Русская линия | 23.09.2019 |
Священномученик Петр родился в мае 1895 года в семье личного дворянина, потомственного гражданина города Обоянь Курской губернии действительного статского советника Фёдора Григорьева, который служил наблюдателем за Курско-Орловским лесничеством. По окончании в 1916 году Курской духовной семинарии Пётр Фёдорович поступил в Санкт-Петербургскую духовную академию. Во время февральской революции 1917 г. находился в Петрограде. В 1919 г. обвенчался с девицей Зинаидой Ивановной (1893г.р.), дочерью курского мещанина, и был рукоположен во иерея. С 1919 по 1930 год отец Пётр служил в Смоленской церкви Обояни. По свидетельству жены (в 1958 г.), во время гражданской войны, когда Белая Армия отступала из города, и некоторые из священнослужителей ушли вместе с белыми, отец Пётр остался в Обояни, заявив, что служит народу и поэтому остаётся с народом.
За время служения в священном сане отец Пётр приобрел широкую известность среди верующих и стал объектом пристального внимания сотрудников ОГПУ. Как и другие священнослужители он был лишён гражданских прав.

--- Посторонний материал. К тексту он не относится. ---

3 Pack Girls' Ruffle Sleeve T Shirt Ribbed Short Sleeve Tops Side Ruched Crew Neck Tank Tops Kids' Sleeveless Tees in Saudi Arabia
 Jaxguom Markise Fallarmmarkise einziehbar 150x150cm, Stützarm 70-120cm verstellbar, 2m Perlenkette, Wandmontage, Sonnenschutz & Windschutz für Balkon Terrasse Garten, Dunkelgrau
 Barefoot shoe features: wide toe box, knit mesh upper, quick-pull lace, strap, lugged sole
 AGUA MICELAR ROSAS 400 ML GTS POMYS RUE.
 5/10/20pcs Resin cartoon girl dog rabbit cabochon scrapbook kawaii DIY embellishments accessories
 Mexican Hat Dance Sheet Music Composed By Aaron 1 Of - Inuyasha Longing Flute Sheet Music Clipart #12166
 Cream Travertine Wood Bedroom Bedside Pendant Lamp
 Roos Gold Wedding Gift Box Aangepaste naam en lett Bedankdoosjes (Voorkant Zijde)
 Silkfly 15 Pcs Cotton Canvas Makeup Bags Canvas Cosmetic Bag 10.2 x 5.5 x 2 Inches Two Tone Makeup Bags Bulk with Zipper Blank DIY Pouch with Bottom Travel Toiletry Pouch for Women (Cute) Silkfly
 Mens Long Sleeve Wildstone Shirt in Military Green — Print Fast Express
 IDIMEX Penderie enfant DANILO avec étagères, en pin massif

В 1928 г. в семье отца Петра и матушки Зинаиды Ивановны родилась дочь Ольга, а поздним вечером 5 февраля 1930 батюшка был арестован Курским ОГПУ и заключён в Обоянский Домзак по обвинению в систематической антисоветской агитации и склонении крестьян не вступать в колхоз по статья ст.58−10 УК РСФСР .
Из показаний церковного сторожа сотрудники ОГПУ выяснили, что к отцу Петру часто приезжали крестьяне из соседних деревень, по разговорам, служили у отца Петра на дому молебны. Из других источников стало известно, что в квартире священника была устроена специальная молитвенная комната, где он часто служил молебны и читал акафисты. Некоторые из акафистов были составлены им самим.
Из обвинений: «Подследственный Григорьев — человек крайне антисоветски настроенный < > Ведёт антисоветскую агитацию в открытой и скрытой форме, но в церкви во время проповеди он крайне осторожен и никогда ничего лишнего не говорит, потому что боится ареста».
В конце марта 1930 г. отец Пётр был переведён в Курский Домзак.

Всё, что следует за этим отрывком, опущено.